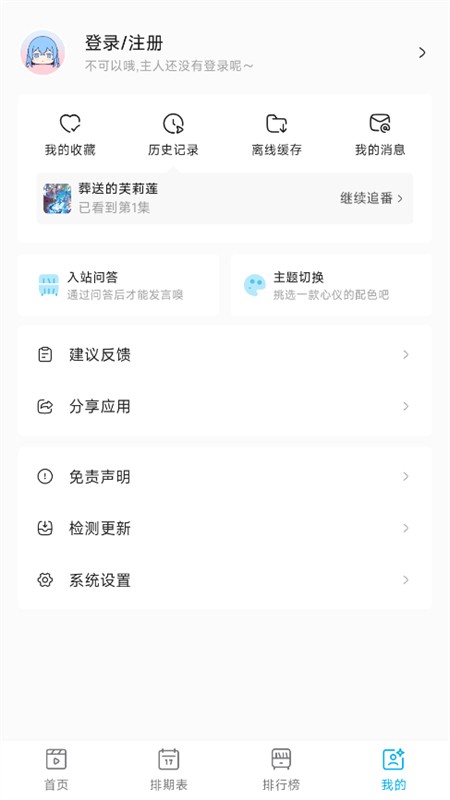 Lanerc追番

==

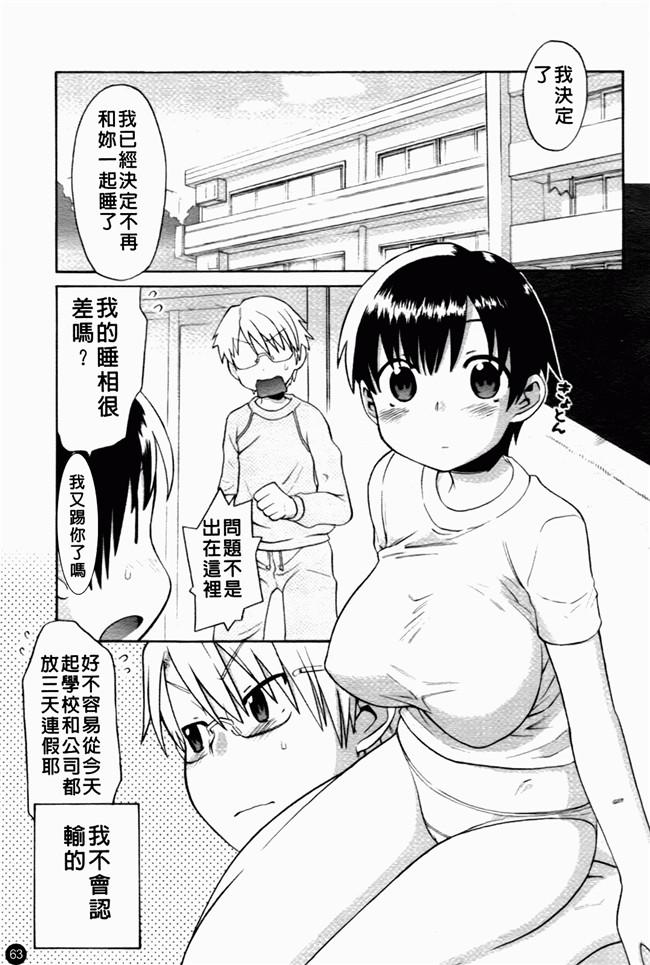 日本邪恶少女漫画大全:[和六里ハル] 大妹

---

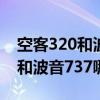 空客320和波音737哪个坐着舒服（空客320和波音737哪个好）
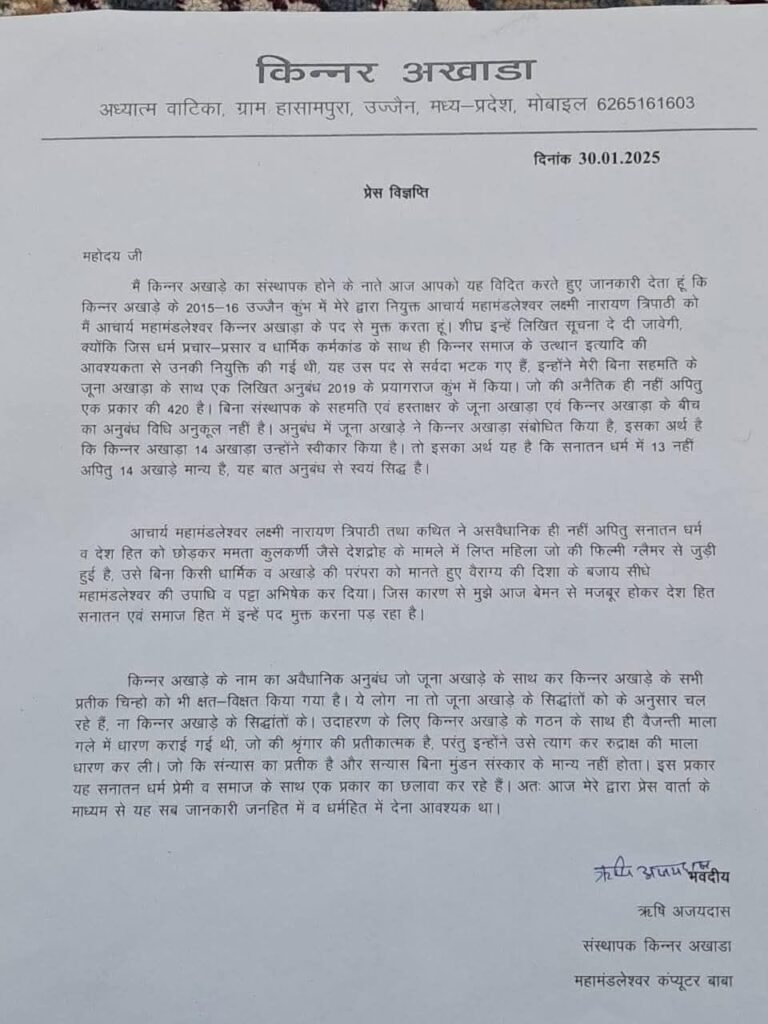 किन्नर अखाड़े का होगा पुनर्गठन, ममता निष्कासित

Problem description
Print the line above containing "空客320和波音737哪个坐着舒服（空客320和波音737哪个好）", the line containing "किन्नर अखाड़े का", and everything between them, exactly as written. Pictures stay out.

Response
 空客320和波音737哪个坐着舒服（空客320和波音737哪个好）
 किन्नर अखाड़े का होगा पुनर्गठन, ममता निष्कासित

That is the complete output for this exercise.